В руках он держал маленький нож из человеческой кости, гораздо меньший того, которым Кестель резал себе руку.
– Нож? – удивленно выговорил Кестель. – Мозаика – это нож?
– Мозаика – это все, что угодно, – ответил Бон. – Все зависит от того, для чего хочешь применить ее.
Он сжал пальцы на рукояти, быстро махнул над головой и сразу же у руки, переложил нож в другую руку и повторил жест. Затем, меняя руки, Бон принялся рубить воздух вокруг себя, словно исполнял странный беспокойный танец.
– Что это и зачем? – удивился Кестель.
Бон все быстрей и яростней рубил воздух. Наконец, он громко рассмеялся и подал ножик девушке.
– Йонни…
Она взяла нож, минуту присматривалась к Бону, чуть задирая голову вверх, и вдруг коротко рубанула воздух у самого его уха.
– Просмотрел, – мило заметила она и принялась сама отплясывать и рубить воздух.
Рубила она притом с удивительным изяществом и точностью, будто несомненно знала, куда бить.
– Что это и зачем? – повторил Кестель. – Вы ведете себя как безумцы.

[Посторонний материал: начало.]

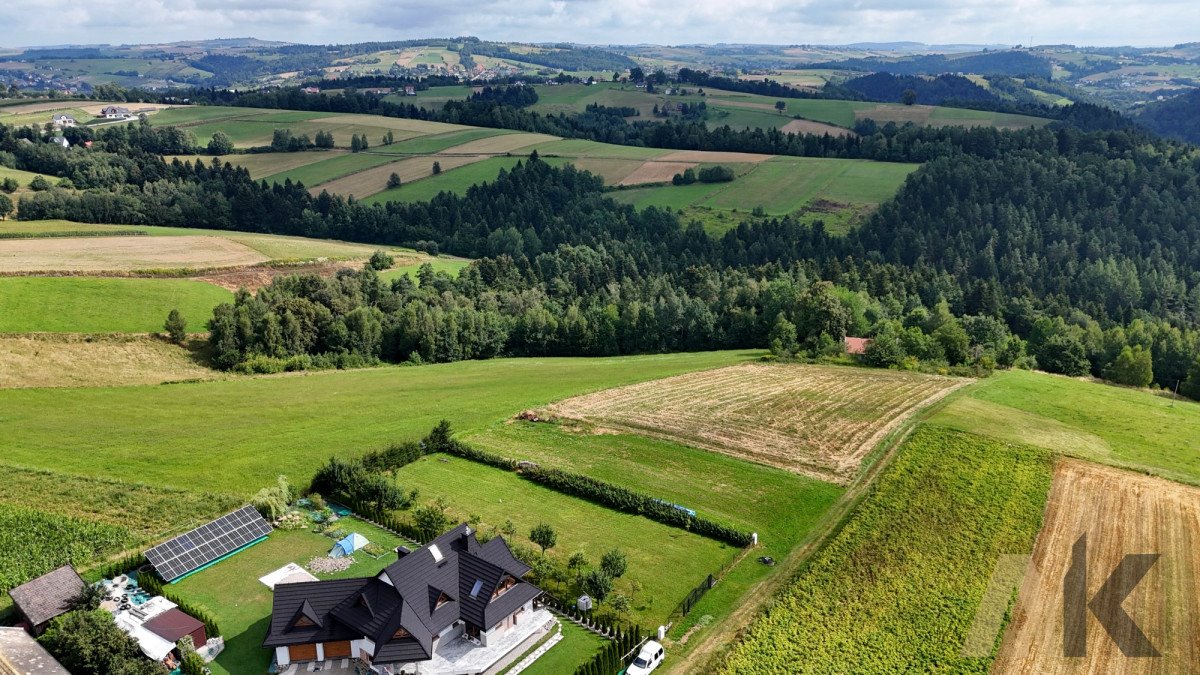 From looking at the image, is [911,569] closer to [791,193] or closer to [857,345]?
[857,345]

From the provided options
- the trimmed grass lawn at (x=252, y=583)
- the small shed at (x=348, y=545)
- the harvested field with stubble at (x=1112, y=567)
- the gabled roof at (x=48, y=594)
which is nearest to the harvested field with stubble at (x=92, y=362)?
the trimmed grass lawn at (x=252, y=583)

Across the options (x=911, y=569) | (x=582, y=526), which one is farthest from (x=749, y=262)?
(x=911, y=569)

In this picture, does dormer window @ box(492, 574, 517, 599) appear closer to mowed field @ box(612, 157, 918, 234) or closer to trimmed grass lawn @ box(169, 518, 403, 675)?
trimmed grass lawn @ box(169, 518, 403, 675)

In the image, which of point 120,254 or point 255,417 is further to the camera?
point 120,254

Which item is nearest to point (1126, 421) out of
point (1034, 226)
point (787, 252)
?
point (787, 252)

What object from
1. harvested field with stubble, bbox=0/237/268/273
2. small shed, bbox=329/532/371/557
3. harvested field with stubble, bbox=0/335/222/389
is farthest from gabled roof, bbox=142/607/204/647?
harvested field with stubble, bbox=0/237/268/273

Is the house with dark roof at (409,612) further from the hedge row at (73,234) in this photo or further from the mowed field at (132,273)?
the hedge row at (73,234) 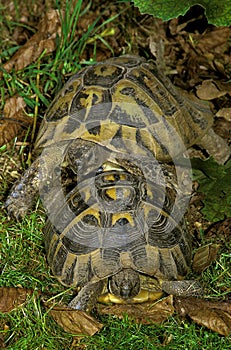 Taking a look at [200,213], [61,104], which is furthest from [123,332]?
[61,104]

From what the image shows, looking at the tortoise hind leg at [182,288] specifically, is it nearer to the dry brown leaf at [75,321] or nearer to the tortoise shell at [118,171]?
the tortoise shell at [118,171]

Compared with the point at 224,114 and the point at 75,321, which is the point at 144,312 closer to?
the point at 75,321

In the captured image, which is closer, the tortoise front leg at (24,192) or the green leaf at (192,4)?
the tortoise front leg at (24,192)

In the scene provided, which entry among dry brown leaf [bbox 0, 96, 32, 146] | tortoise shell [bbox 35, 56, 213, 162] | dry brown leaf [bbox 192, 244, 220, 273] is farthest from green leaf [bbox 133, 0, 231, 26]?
dry brown leaf [bbox 192, 244, 220, 273]

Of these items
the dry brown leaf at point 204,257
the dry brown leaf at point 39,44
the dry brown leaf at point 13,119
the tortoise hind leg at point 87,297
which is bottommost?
the dry brown leaf at point 204,257

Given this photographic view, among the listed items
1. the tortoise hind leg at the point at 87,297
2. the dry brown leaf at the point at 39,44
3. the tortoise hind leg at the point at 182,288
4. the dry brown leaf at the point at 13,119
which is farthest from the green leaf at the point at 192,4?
the tortoise hind leg at the point at 87,297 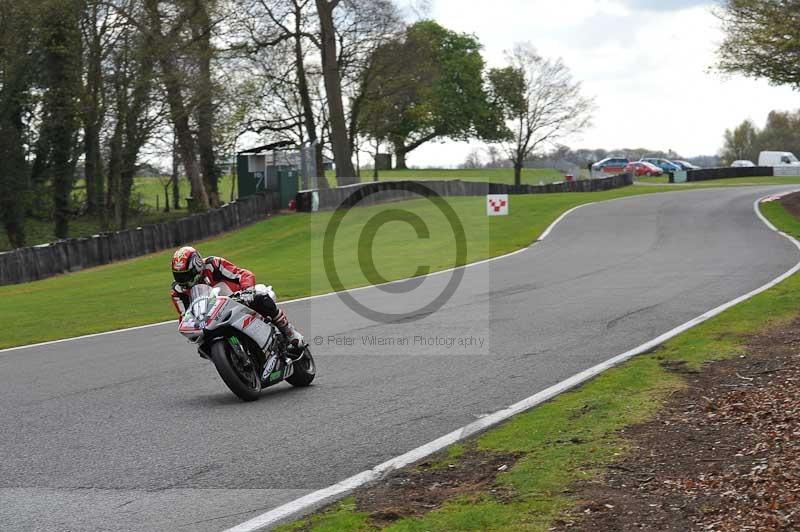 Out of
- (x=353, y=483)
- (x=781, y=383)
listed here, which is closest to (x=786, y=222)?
(x=781, y=383)

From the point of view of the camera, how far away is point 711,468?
633 cm

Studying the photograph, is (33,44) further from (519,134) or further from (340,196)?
(519,134)

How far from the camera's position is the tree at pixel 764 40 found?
35.4m

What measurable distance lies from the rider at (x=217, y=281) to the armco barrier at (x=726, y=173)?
6252 centimetres

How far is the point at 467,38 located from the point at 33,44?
6330 cm

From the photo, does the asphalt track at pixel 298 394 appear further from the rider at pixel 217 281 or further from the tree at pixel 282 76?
the tree at pixel 282 76

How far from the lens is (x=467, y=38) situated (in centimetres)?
9806

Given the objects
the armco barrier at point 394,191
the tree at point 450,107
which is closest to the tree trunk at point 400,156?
the tree at point 450,107

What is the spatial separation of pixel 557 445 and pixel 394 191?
3921 centimetres

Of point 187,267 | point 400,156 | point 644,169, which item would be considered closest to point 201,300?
point 187,267

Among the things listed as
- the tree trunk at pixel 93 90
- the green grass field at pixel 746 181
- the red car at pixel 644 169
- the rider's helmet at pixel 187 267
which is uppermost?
the tree trunk at pixel 93 90

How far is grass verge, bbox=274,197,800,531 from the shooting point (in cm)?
572

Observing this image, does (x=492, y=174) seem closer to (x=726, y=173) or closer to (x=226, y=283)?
(x=726, y=173)

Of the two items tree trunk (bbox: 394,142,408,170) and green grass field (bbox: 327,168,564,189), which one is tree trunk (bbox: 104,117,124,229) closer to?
green grass field (bbox: 327,168,564,189) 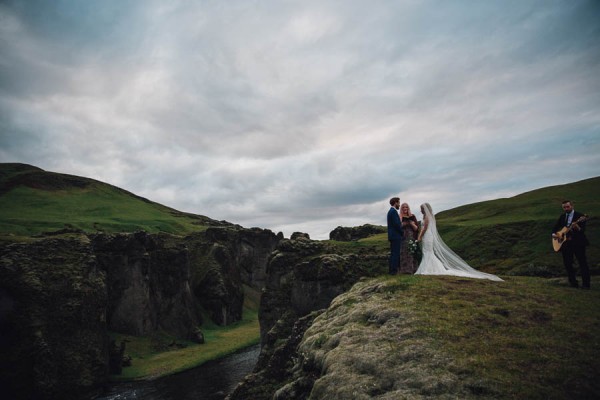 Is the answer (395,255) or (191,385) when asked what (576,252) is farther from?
(191,385)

Йонни отдала Бону костяной клинок. Ее глаза пылали.
Бон взял нож за кончик острия, легонько ударил рукоятью о стол – и мозаика рассыпалась на семь кусочков.
– Они же… у всех частей теперь другая форма! – выдохнул пораженный Кестель.
– Мозаика – она такая. Удивительная она, – заметил Бон.
Он быстро сложил из кусочков плоский треугольник, поводил им перед лицом Йонни, затем перед своим, посмотрел на Кестеля.
– Ну все. Теперь мы свободны. Они не могут управлять нами и уже нас даже не видят.
Дурманящие шепотки Офеллы Мастерии Диамы давали результаты. Лабиринты выставили еще две головоломки, после чего снова пришлось
идти, и идти по длинным коридорам. Иногда магистрессы Ордена останавливались передохнуть.